= Work request =
Directions for the data below: repeat exactly the lines from the one with "Hot Wheels Premium" through the one with "Зимняя куртка для", both included, and omit all pictures.

= Available records =
--- START ---

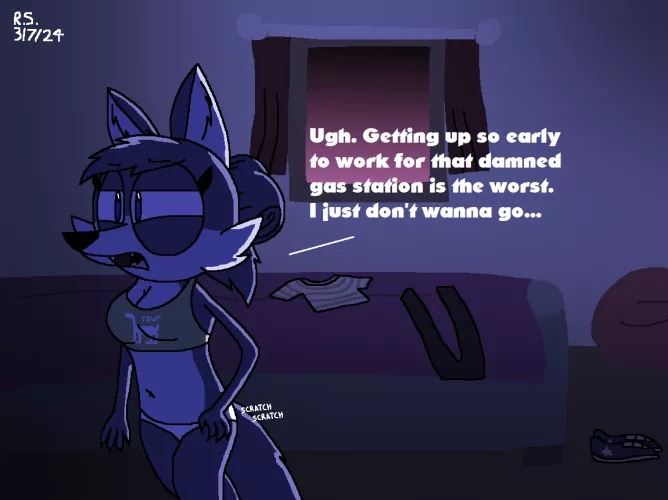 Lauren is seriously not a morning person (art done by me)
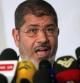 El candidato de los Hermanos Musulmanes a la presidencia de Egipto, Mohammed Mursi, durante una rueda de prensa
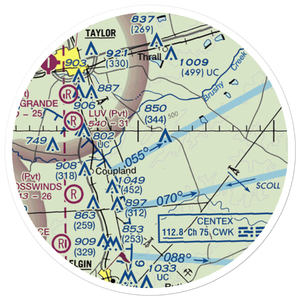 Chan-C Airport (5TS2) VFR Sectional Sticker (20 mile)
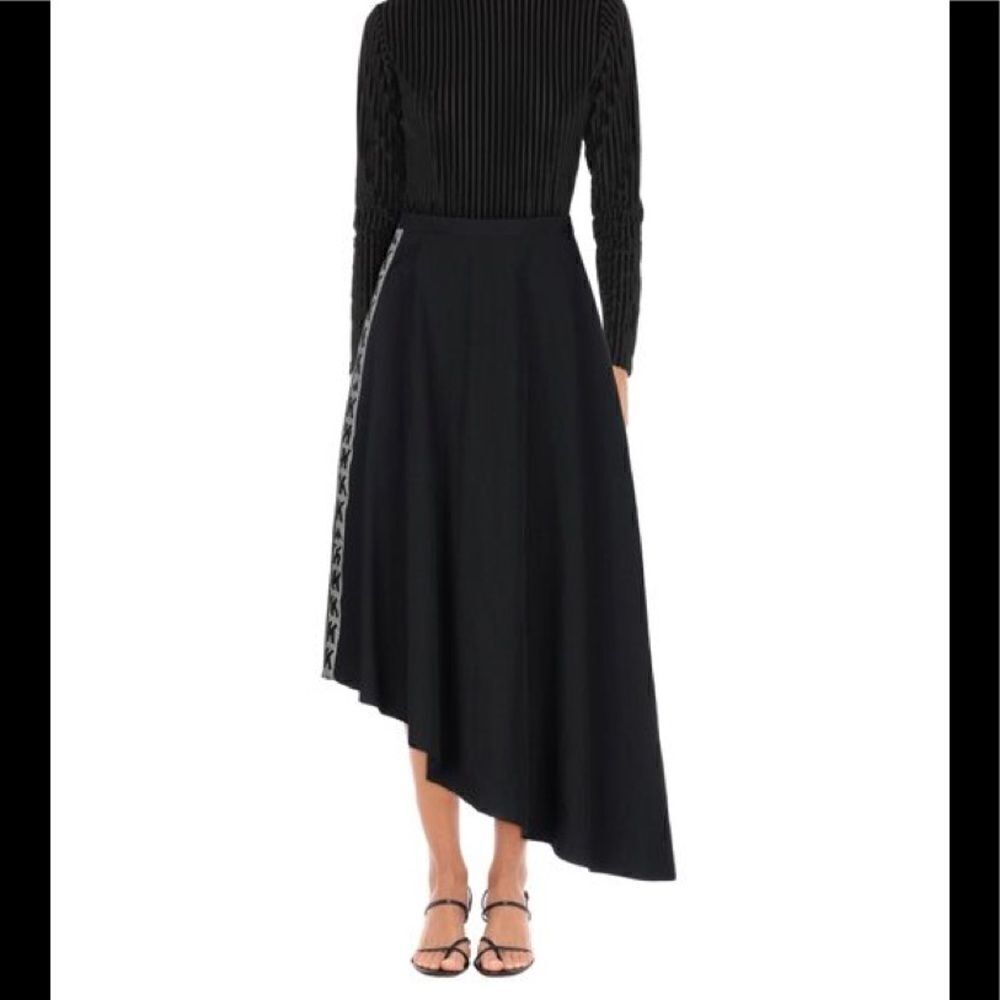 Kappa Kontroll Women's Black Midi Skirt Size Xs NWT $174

--- END ---
--- START ---

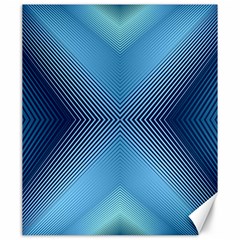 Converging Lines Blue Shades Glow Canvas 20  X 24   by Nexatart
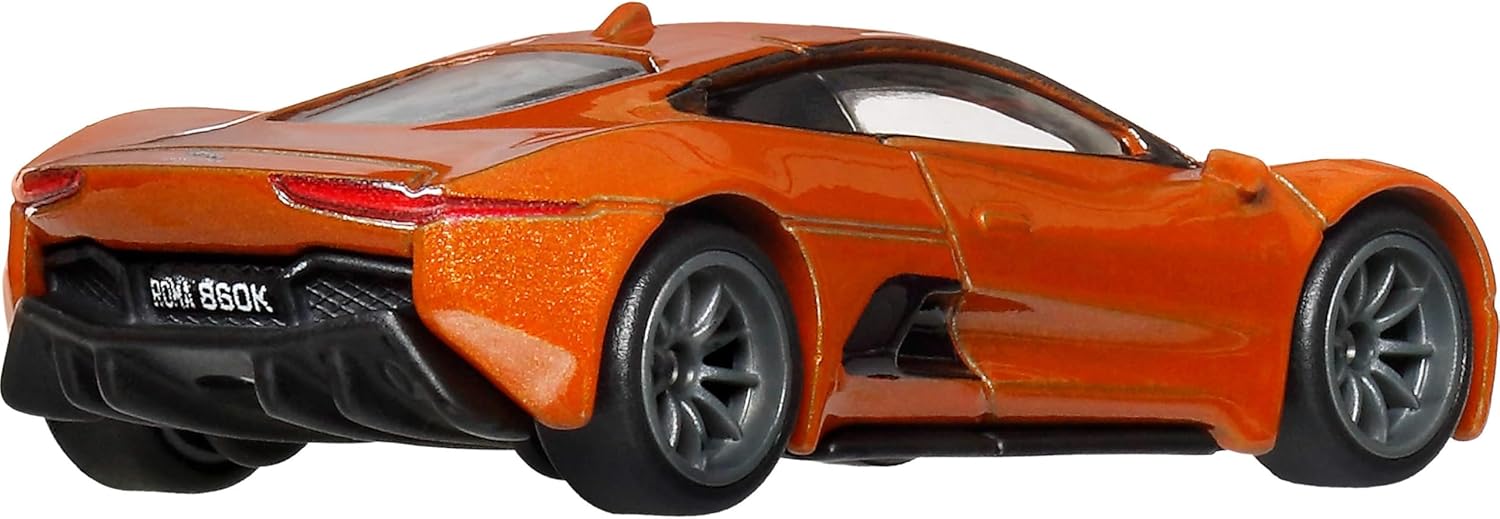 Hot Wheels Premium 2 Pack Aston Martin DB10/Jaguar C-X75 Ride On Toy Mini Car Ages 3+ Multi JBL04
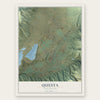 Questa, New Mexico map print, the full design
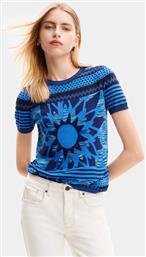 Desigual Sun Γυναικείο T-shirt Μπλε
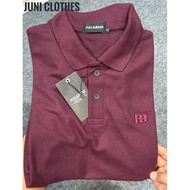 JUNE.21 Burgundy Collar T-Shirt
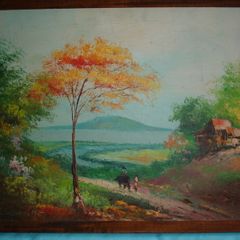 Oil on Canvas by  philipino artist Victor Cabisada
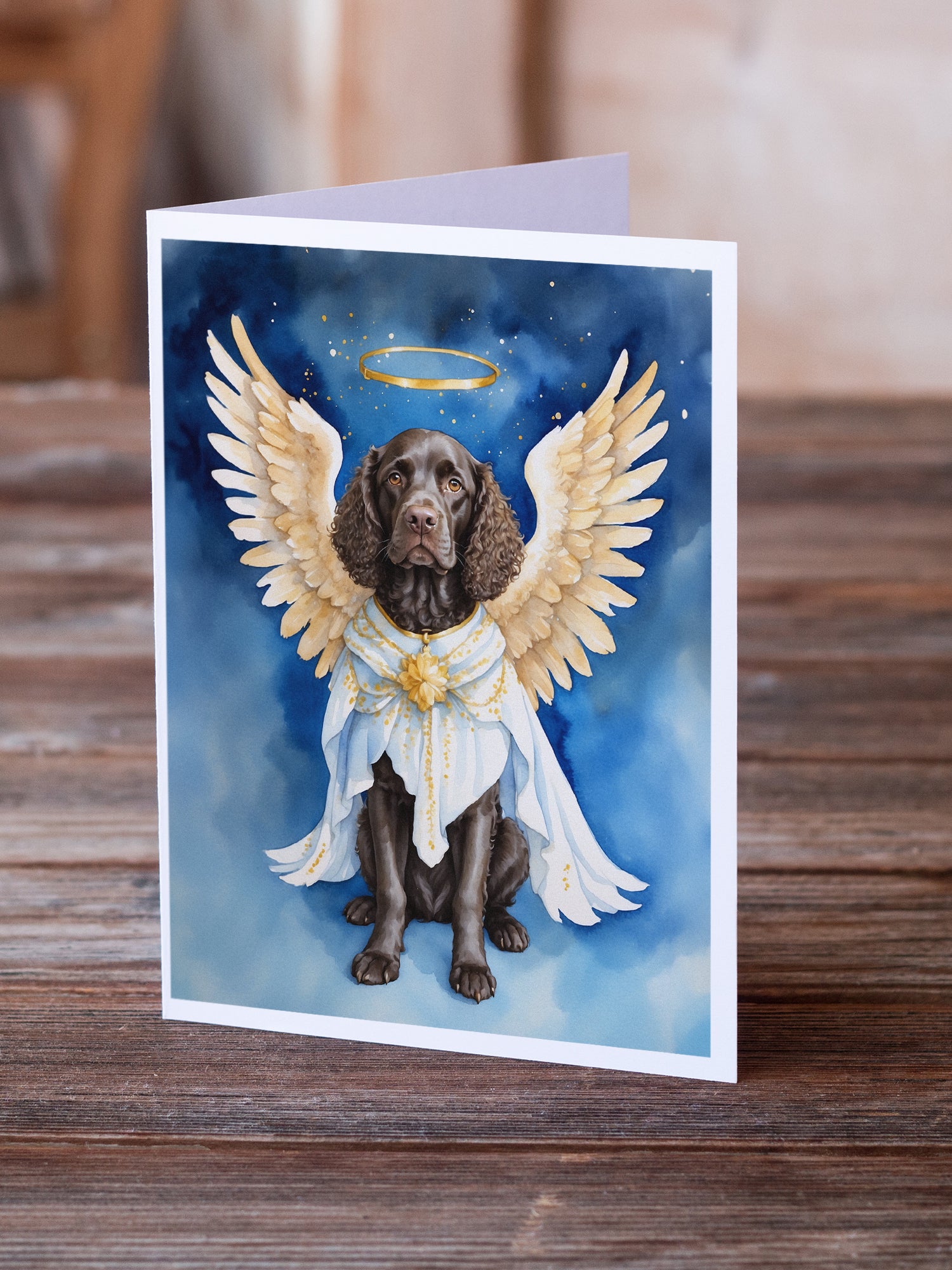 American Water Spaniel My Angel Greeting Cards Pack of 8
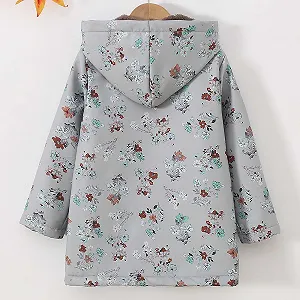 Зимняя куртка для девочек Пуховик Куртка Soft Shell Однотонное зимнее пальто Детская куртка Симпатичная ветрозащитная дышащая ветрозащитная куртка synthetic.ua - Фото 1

--- END ---
--- START ---

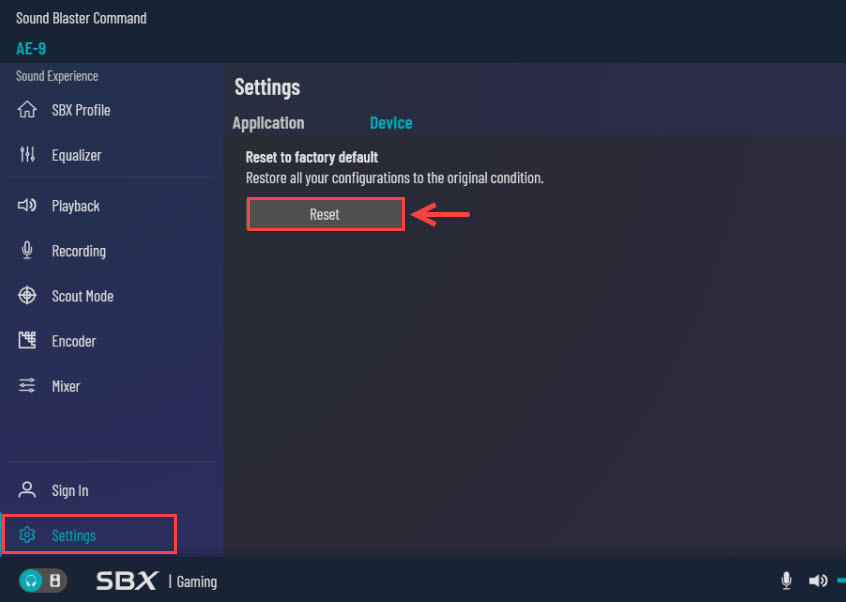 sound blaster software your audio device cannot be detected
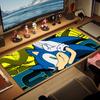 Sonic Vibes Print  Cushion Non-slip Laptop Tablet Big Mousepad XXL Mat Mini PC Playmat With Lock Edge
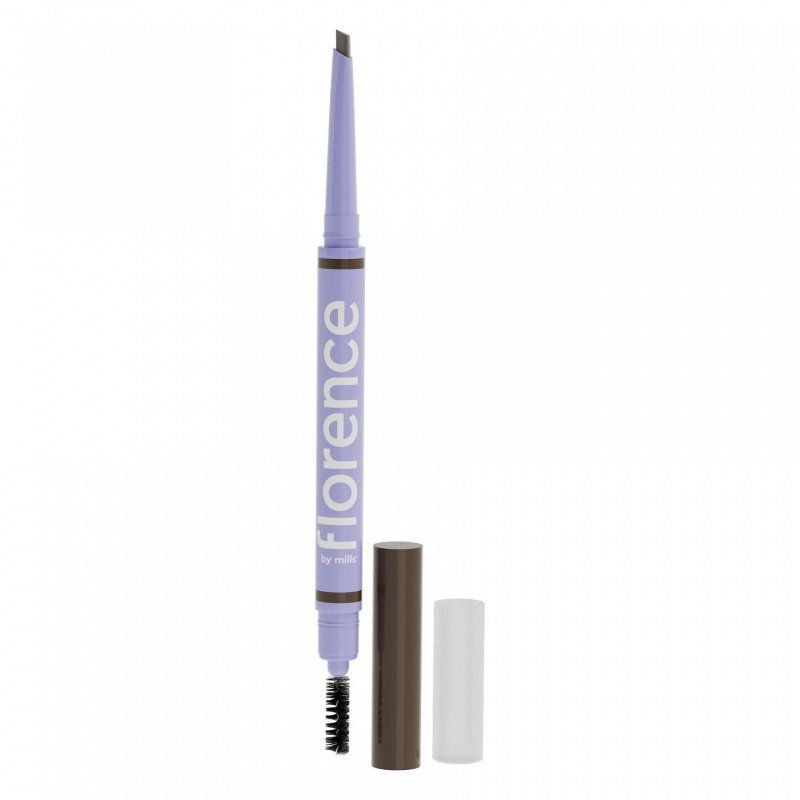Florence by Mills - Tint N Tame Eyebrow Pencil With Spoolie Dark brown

--- END ---

= Response area =
 Hot Wheels Premium 2 Pack Aston Martin DB10/Jaguar C-X75 Ride On Toy Mini Car Ages 3+ Multi JBL04
 Questa, New Mexico map print, the full design
 Desigual Sun Γυναικείο T-shirt Μπλε
 JUNE.21 Burgundy Collar T-Shirt
 Oil on Canvas by  philipino artist Victor Cabisada
 American Water Spaniel My Angel Greeting Cards Pack of 8
 Зимняя куртка для девочек Пуховик Куртка Soft Shell Однотонное зимнее пальто Детская куртка Симпатичная ветрозащитная дышащая ветрозащитная куртка synthetic.ua - Фото 1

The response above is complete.